Mom “Honey I know I said that I wanted you to wait until your 16 to kiss anyone, but you really should only kiss the girls who are your girlfriends”

Jonas “OK, then I will make all those girls my girlfriends BEFORE the party”

“Mom I told Britney today that we needed to go to the same Jr. Highschool…highschool and collage so that we can make sure we get married some day.”

When Jonas was in 1st grade I got a call from the principal, he informed me that Jonas was kissing a girl every day after lunch…..when I asked Jonas about it he said “Well I didn’t want to be rude.”

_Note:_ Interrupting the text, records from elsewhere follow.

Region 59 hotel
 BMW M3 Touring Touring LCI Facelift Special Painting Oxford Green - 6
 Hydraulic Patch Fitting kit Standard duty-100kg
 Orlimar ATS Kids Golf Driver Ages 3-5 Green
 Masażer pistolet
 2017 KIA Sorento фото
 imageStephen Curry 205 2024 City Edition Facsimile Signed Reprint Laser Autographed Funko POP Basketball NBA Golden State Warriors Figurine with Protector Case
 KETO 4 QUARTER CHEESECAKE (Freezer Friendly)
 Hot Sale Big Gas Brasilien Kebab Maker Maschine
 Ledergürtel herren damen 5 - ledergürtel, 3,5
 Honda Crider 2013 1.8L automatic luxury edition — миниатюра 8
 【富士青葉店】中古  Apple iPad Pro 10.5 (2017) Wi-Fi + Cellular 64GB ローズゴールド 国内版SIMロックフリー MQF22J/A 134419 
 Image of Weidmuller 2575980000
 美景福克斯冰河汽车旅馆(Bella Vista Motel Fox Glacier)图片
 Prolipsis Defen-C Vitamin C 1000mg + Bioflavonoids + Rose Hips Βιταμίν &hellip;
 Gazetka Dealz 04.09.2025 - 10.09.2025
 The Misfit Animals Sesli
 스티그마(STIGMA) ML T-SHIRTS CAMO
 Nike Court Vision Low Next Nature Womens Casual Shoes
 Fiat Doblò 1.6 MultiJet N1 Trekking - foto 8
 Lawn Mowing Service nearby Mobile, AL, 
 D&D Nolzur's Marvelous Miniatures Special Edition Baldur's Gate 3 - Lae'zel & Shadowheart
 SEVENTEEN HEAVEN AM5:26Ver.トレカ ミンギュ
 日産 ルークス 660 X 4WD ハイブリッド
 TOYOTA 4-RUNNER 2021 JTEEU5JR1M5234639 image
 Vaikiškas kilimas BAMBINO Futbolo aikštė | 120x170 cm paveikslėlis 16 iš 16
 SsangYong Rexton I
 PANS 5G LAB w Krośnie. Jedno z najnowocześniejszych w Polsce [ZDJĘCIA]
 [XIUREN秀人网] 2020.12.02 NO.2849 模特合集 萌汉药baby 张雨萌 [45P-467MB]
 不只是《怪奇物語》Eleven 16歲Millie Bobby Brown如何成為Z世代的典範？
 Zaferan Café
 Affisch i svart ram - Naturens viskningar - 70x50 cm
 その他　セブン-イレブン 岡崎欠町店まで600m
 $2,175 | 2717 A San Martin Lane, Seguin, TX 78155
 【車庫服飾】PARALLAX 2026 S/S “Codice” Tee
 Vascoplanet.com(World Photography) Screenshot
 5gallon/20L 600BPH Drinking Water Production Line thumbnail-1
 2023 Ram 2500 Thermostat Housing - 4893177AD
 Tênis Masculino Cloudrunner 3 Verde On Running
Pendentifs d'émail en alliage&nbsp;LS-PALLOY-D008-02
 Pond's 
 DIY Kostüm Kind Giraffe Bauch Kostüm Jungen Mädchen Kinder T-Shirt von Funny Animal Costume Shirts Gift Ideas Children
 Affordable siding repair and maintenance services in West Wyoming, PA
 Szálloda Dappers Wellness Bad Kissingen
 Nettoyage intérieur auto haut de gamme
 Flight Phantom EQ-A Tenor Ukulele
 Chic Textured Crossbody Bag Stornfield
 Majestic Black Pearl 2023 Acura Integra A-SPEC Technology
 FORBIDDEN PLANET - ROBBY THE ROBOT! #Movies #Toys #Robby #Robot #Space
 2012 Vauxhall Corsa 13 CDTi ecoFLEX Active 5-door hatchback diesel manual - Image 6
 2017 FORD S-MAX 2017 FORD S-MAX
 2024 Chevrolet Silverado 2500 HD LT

So that’s my Jones…he is in love with love. But he is always dedicated to one woman and for the last TWO years it’s been Britney.. ….According to him she is “the love of his life” Well we will see about that.


Grace informed all of us this afternoon that she wanted to have a "Dance Party"......Well there is nothing us Warners love more than a good old family dance off!! The pictures arn't the greatest, but you get the gist I'm sure.











Friday, March 20, 2009

Grace is ready for summer!!!

Grace got a new swimsuit from Grandma...her 4th this month!!! I know.. I know.. I spoil "The Princess". But in my defense all her old swimsuits were so last season....and 2 sizes too small!! These poses are her own...she looks a little like one of those crazy baby beauty pageant girls...but still too cute!


Sunday, March 8, 2009

Stop being so perfect


I was in relief society, when a friend of mine came in and plopped down next to me. She let out a big sigh and said something like…..”My biggest problem is that I compare my self to people….I look around this room and I feel so blah.” I took a look around the room and saw nothing but geriatrics. But I told her that you can’t know who a person is by what they seem like at church. We are all dressed up… behaving our best. We shower are kids for the first time that week. She went on to tell me that she feels overlooked in our ward. She was bothered that a new girl in the ward (who was only like 22) was called to be a relief society teacher…she said she had been on a mission and was older, yet she was not even considered. I told her she didn’t know that….maybe she was considered but she had a new baby…ect ..ect. Well the class started and the relief society president stood up and was introducing all the visitors ….she looked at my friend and asked her if she was new in the ward (she has been in the ward for about 2 years). I leaned over and said “I don’t think you were considered”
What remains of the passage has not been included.